En diciembre, las circunstancias laborales se complicaron y, ante el riesgo de quedarme sin empleo, empecé a buscar alternativas. Recibí dos ofertas muy interesantes, pero ambas de fuera de Turquía. Delante de ellas, me di cuenta de que deseaba vivamente permanecer donde estoy. Uno de esos días que estaba valorando estas ofertas, teníamos Escuela de comunidad y me impactó escuchar a Paolo: él tiene 76 años y la iglesia más cercana está a doscientos kilómetros de su casa, así que está acostumbrado a estar incómodo. Pero esa noche, por primera vez, habló de soledad, de lo que le costaba seguir la misa en televisión, de un peso. Me impresionó la evidencia con que su deseo se abría paso. Le pregunté qué había pasado y él, refiriéndose a Ainhoa y a mí, dijo: «Habéis llegado vosotras». En ese momento entendí que yo tenía una tarea aquí, no como una obligación, sino como deseo de responder a la realidad que me llama. Me di cuenta de que no da igual estar o no estar y empecé a preguntarme: «¿Qué me interesa realmente?». Yo esperaba un signo llamativo para “elegir” trabajo y la realidad me responde despertando un deseo: el mío.

En todas las cosas, incluso en las aparentemente pequeñas, puedo dejar que prevalezca la queja por las dificultades o mirar el milagro de los rostros que se me regalan, aunque sea simplemente para comer juntos el domingo después de misa. Veo que esta situación “incómoda” me ayuda a vivir una mayor apertura a lo que hay.

El obispo ya ha expresado en dos ocasiones su estima por nuestro carisma y yo me pregunto qué quiere decir y qué pide de mí. Hay un dato inicial: la gente que he conocido aquí hasta ahora.
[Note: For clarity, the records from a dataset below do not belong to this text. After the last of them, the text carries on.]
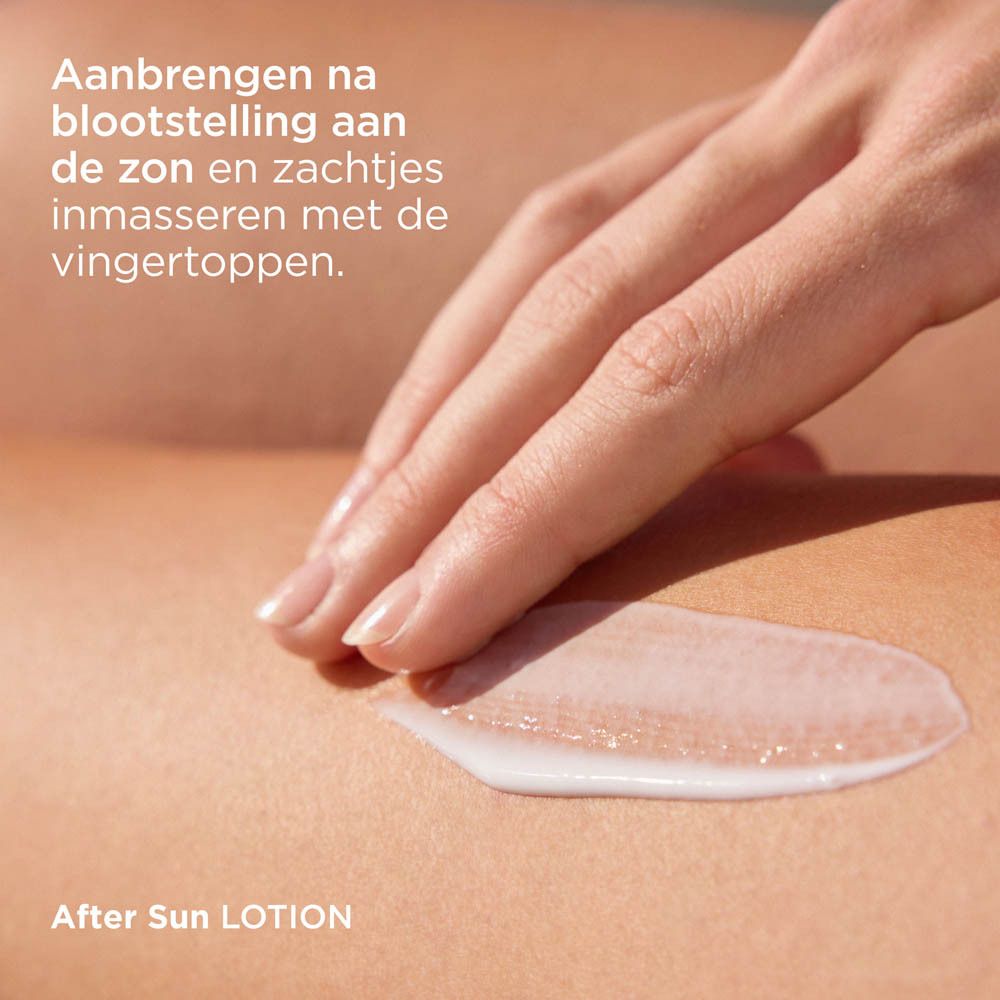 Lotion op de huid. ISDIN Post-Solar After Sun Lotion. Toepassing.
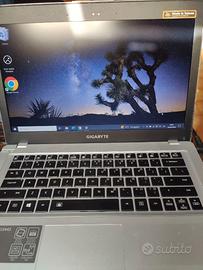 GIGABYTE U2442 Extreme Ultrabook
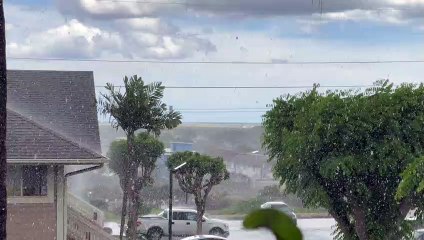 Isolated Downpour Suddenly Appears in Waipahu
Por tanto, se trata sobre todo de profundizar la relación y la comunión con ellos, con los que ya tengo delante. Y hay un dato más evidente aún: para mí el cristianismo es más interesante hoy que cuando lo conocí hace siete años; y más radicalmente fascinante que hace dos años, cuando llegué a Turquía. Lo digo consciente de todo, también por todas las personas que me decían: «¿Pero qué haces? Vas a estar sola», y por mis propios miedos, miedo a perderme y a perder la fe. Sin embargo veo que mi conciencia no deja de crecer.